New EU-US Data Privacy Framework adopted

New EU-US Data Privacy Framework adopted


11th July 2023

Background

The transfer of EU-based individuals’ data outside Europe is governed by the EU data protection regulation (“GDPR”). There is a particular sensitivity over transfers of data from the EU to the US given concerns about the security of the data once it is in the US and the ability for data to be accessed by US intelligence authorities.

Given the volume of data which is routinely transferred from the EU to the US, there have been multiple attempts to ‘safeguard’ these data transfers by giving US companies a way to become certified against criteria approved by the EU, which gives them an EU ‘gold standard’ and provides assurances as to the security of individuals’ data for the purpose of the data transfer. Another practical benefit is that it avoids the need for companies to enter into detailed individual data transfer documentation (usually using EU-approved "Standard Contractual Clauses"), which can be burdensome, particularly in the case of group company transfers.

How did we get here?

By way of a short history:

  • For those of us that have been doing data protection since before it was fashionable, you may remember the Safe Harbour Agreement, which allowed the free transfer of EU data to the US. This mechanism was invalidated in 2015.
  • Then followed the Privacy Shield, which had a similar objective, and which was also invalidated in July 2020 by a decision of the Court of Justice of the European Union. 

The new Data Privacy Framework

On 10 July 2023, the European Commission adopted the new Data Privacy Framework.

Under the new Data Privacy Framework, where individuals’ data is transferred from the EU (note: not the UK) to the US (provided that the receiving company in the US has signed up to the terms of the Data Privacy Framework), no additional safeguards (or paperwork!) are needed and the personal data will be able to flow freely.

The Data Privacy Framework will be administered and monitored by the US Department of Commerce and the US Federal Trade Commission will be responsible for enforcing US companies' compliance under this mechanism.

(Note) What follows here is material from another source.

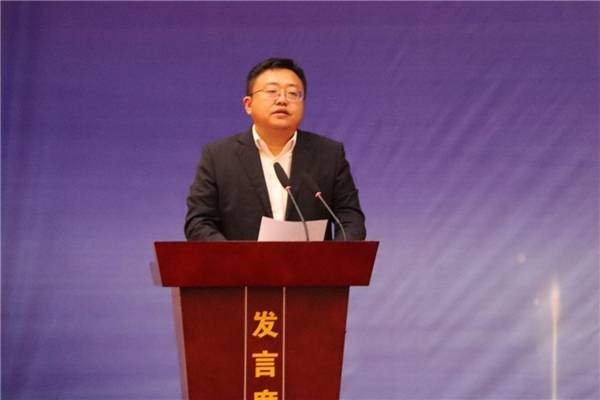 在各方见证下,集团公司董事,副总经理周伟与资中县人民政府副县长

How is this mechanism different?

The European Commission has said that the Data Privacy Framework introduces new binding safeguards to address the concerns that were previously raised by the Court of Justice of the EU in relation to the Privacy Shield, including limiting access to EU data by US intelligence services to what is “necessary and proportionate”, and establishing a Data Protection Review Court (“DPRC”), to which EU individuals will have access.

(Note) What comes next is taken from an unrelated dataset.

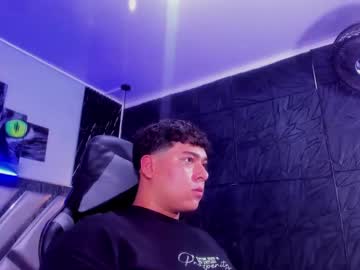 aronzulon - Live Performer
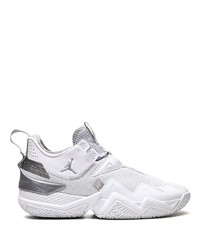 Мужские белые низкие кеды от Jordan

The European Commission has said that this new framework represents a significant improvement compared to the Privacy Shield, since if, for example, the DPRC finds that there has been a violation of the new safeguards, it will be able to order the deletion of the data.

In addition to this, US companies that subscribe to the Data Privacy Framework will need to comply with additional detailed obligations regarding protection of the data. For example, they will need to delete personal data when it is no longer necessary for the purpose for which it was collected, and to ensure continuity of protection when personal data is further shared with a third party.

The Data Privacy Framework will be subject to periodic reviews by the European Commission, the first review being within the first year.

What next?

In the coming months we are likely to see a number of international companies, that routinely transfer data from the EU to the US, signing up to this new mechanism.

It remains to be seen whether this mechanism adequately addresses the data security concerns that caused its two predecessors to be invalidated and whether this may be open to challenge. But for the moment, this is good news for international businesses.